Why I Went Barefoot
This post was migrated from my Go Lovely Rose blog.
I took up running two summers ago. We were living in northern New Mexico at the time, and using the Couch to 5k plan, I was soon jogging half an hour, three times a week along the breathtaking trails of the Jemez Mountains. I loved it and was terribly proud of myself.
Nevertheless, less than six months later, I was forced to hang up my running shoes for good. Among other maladies, the joints in my right leg were chronically inflamed. I took up yoga, hoping that it would rehabilitate my leg, but even after a year, the old injuries would flare up every time I went for so much as a light hike.

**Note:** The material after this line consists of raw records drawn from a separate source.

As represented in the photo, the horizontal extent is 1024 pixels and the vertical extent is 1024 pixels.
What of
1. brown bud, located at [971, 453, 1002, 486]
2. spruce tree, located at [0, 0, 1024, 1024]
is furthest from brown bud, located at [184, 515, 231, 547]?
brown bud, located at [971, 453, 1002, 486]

I was pretty dismayed, but I didn’t know what to do about it, so I simply avoided the “bad” activities and prayed it would get better. It didn’t.
Then I discovered Mark’s Daily Apple and switched from a Paleo diet to a Primal one. The shift seemed trivial at the time, but in hindsight, it kicked off a minor revolution in the way I approached, well, everything. Unlike Paleo, which was mostly a diet, Primal was an entire way of life. It wasn’t long before I began to embrace its crazy ideas in areas other than diet.

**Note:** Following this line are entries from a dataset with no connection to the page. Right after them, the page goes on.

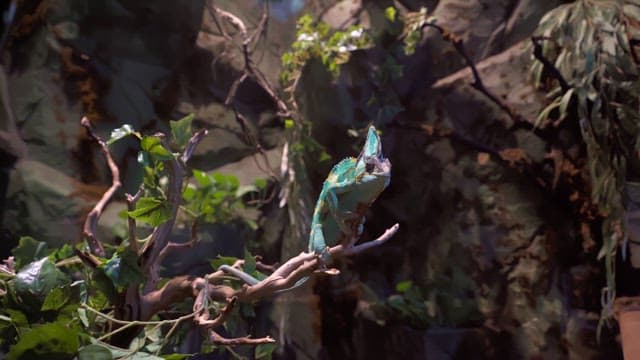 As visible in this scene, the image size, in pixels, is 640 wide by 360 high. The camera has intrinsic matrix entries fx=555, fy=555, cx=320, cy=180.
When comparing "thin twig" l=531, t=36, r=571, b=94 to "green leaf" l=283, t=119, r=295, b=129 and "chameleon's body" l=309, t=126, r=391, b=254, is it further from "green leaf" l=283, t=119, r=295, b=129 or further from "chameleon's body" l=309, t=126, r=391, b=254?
"chameleon's body" l=309, t=126, r=391, b=254

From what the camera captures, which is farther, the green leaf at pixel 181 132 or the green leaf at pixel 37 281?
the green leaf at pixel 181 132

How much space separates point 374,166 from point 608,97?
1.71 m

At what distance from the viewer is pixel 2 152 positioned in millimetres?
2725

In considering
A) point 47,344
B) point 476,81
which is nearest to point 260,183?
point 476,81

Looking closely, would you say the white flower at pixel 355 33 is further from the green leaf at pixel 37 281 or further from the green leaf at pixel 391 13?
the green leaf at pixel 37 281

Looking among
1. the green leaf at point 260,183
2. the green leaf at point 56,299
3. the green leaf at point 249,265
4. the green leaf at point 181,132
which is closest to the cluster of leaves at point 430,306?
the green leaf at point 260,183

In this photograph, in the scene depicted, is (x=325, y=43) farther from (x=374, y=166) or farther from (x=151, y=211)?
(x=374, y=166)

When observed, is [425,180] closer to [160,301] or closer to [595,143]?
[595,143]

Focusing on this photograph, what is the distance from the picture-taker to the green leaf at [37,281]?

One of these was barefooting, a concept I connected with immediately. In fact, I was already spending over half the year in worn-down foam flip-flops. However, whenever I needed better traction or protection from the elements, I was forced to wear my running shoes.
It took me a while to connect the dots, but I eventually realized that I could walk, run, or stand arbitrarily long in my flip-flops without any joint pain. However, as soon as I donned my running shoes, I would be limping for days.

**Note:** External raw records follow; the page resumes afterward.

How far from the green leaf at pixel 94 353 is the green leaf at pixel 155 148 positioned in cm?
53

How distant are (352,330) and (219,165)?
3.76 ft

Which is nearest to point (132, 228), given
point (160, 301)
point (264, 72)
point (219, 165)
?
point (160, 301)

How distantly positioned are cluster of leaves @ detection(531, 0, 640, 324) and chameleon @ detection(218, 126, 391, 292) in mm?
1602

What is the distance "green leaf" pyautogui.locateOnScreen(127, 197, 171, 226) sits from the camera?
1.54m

Could it be that my fancy sneakers were causing my problems? That’s certainly what the evidence suggested.
Even then, the cost of barefoot shoes gave me pause. At roughly $100 a pair, they were significantly more expensive than any footwear I’d ever purchased before. Was it really worth it?
I waffled for many many months, but I finally broke down and bought a pair of Vibram Fivefingers.
That summer, some friends invited us out for a hike. In the few months since I’d bought my Fivefingers, I’d taken them for walks and a few short runs, but nothing major. This would be it’s first real test.
And a very fair test it was! The hike was grueling (for me, that is — I don’t hike much). By the time we descended the last few hundred feet, I was feeling the strain in my right knee with every step. I worried that I would be limping for days, and it was with a great amount of trepidation that I climbed out of bed the next morning.
At first, both legs were incredibly sore, including the knee and hip joints. However, as the day wore on, it became clear that it was a healthy kind of sore, like I’d used my body and it was growing stronger as a result. I kept waiting for the familiar nagging joint pain to appear, but to my happy surprise, it never did. After a few days rest, the soreness faded and my legs felt fully recovered.
I’ve been a dedicated convert ever since. I’m careful to avoid anything with too much arch support, and lately, I’ve even been splurging for bona fide barefoot shoes — shoes with Vibram soles, which offer protection without sacrificing flexibility and the ability to feel the ground (fancy word: proprioception).
I’m happy to say that the joint pain is a thing of the past.